While our finding is comparable with that seen among Ethiopian children[6] with 30% of respondents with orthodontic treatment need, it is however higher than 32.7% need assessed in the UK,[17] 29.9% in Peru,[21] and 27.3% in Italy.[22] This may be due to institutionalized preventive and interceptive orthodontic programmes carried out routinely early in life in these countries. For example, in Italy the Baby Risk of Malocclusion Index (Baby ROMA) is used for orthodontic screening in children aged 2–6 years.[23] Such orthodontic screenings and interceptive methods until very recently were non-existent in North-Western Nigeria.[13]

The AC revealed a treatment need of 25% (moderate 24%, definite 1%) among our study participants. This is much higher than that assessed among Ethiopian children,[6] Indonesian adolescents (19.6%),[24] Spanish adolescents,[25] and Turkish adolescents,[26] but lower than 55.5% obtained in Indian adolescents.[27] Differences may be due to age of study populations as malocclusion has been shown to worsen with age,[28] as well as ethnic variations in perceptions of beauty. Male participants were found to have a greater need for treatment than females as has been seen in studies in Greece[29] and Nigeria,[14] whereas a Syrian study did not find any sex predilection.[30]
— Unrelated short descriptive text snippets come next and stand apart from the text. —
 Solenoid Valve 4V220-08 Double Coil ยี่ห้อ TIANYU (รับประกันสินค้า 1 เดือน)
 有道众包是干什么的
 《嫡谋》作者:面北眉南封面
Although the DHC identified a greater need for treatment among the adolescents than the AC, there was agreement between the two parts of this index which was statistically significant. This indicates that the IOTN is accurate and valid for use in Nigeria, as was concluded in a similar study of young adults in Saudi Arabia.[31]
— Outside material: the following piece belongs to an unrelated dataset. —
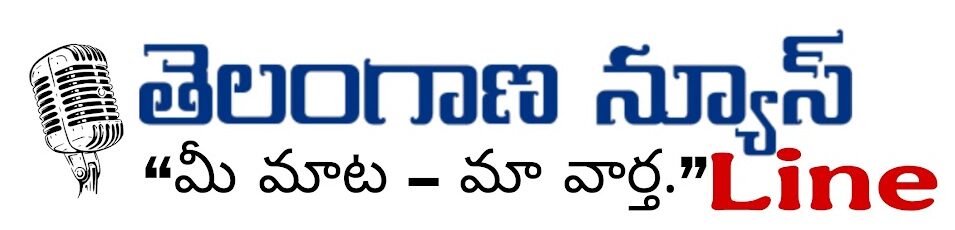 Telangana News Line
This study did not capture the orthodontic treatment needs of young children and adult population in Northern Nigeria, which may be a limitation to assessing the total orthodontic treatment need in North-Western Nigeria. We therefore recommend that further studies be done on these populations to give a more comprehensive view which will also help in the assessment of the required orthodontic manpower needed in this region of Nigeria.

Conclusion

The proportion of subjects estimated to have great and very great treatment need (DHC grades 4 and 5) was 19.5%. However, only 1% of individuals were in definite need (grades 8–10) of orthodontic treatment according to the AC. Overall males and those not from the Hausa ethnic group had a greater need for orthodontic treatment, although these findings were not statistically significant. There was no relationship between religion and orthodontic treatment need of our participants.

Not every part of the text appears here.